Monday, November 3, 2008

JMS/JCA Flows in ServiceMix: the wrong level of abstraction for distributed ESB

The ongoing argument over REST versus RPC has created useful debate around programming abstractions, particularly with respect to the use of abstractions in distributed computing. Abstractions are useful in that they remove underlying complexities and allow us to focus on the task at hand. However astractions fail if they hide away important detail that could influence design or implementation decisions. For example, the problem with RPC, some RESTful folks would argue, is that in making remote invocations look like local invocations, RPC facilitates poor design decisions that neglect caching, error handling, or optimization of network traffic. And, they may have a good point here; however, in this blog entry I don't wish to go down the well-beaten REST/RPC track, instead though I want to discuss the use of a particular abstraction in implementing integration solutions with FUSE ESB (Enterprise Apache ServiceMix). I've found that while this abstraction - the JMS/JCA flows - offers exciting possibilities, it is the wrong abstraction, and should be avoided.

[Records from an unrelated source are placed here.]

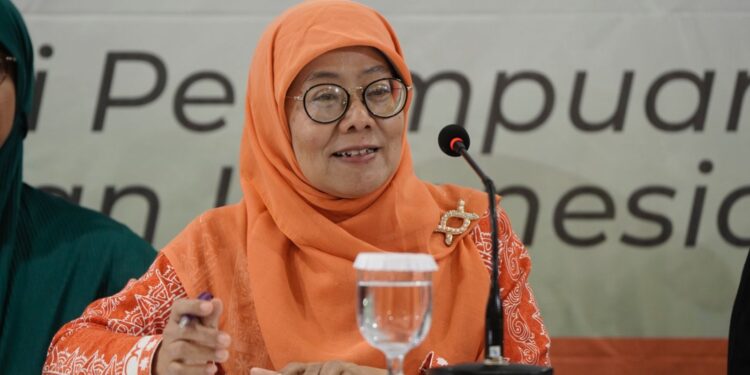 PP ‘Aisyiyah Dorong Implementasi PP Tunas: Langkah Konkrit Melindungi Anak di Ruang Digital
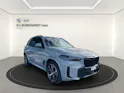 BMW X5 xDr 50e M Sport Pro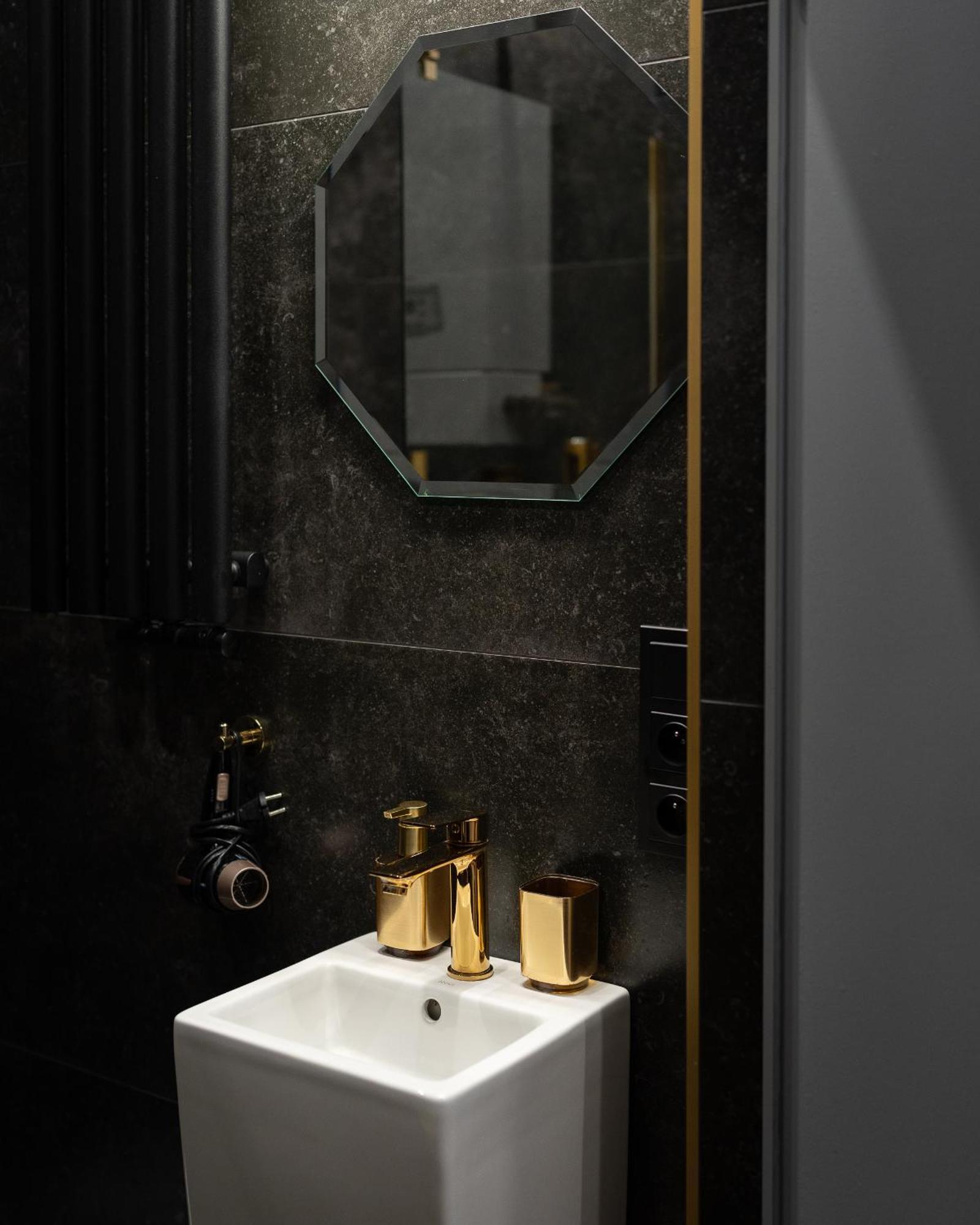 Apartament Shine Prywatne Jacuzzi Starowislna Krakow Exterior photo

I had been pondering for some time about the use of abstractions within the ServiceMix implementation of the JBI Normalized Message Router (NMR). The NMR is used to send messages from one component to another; in ServiceMix, this is implemented using a number of different "flows". Depending on the kind of message exchange (syncronous or asynchronous), quality of service (reliable, transacted), and whether the target service is clustered, the NMR will choose a "flow" to match.

Four flows are provided in ServiceMix - single-threaded (ST) , SEDA, JMS & JCA. Of these, the latter two have interesting and exotic qualities. First, because they're both based on JMS, they are reliable: messages can be persisted as they travel between components. Second, and again, because they are implemented using ActiveMQ JMS queues, this means that if the ServiceMix container is deployed in a cluster, then messages can transparently be delivered across JVM containers. This gives us a truly "distributed ESB".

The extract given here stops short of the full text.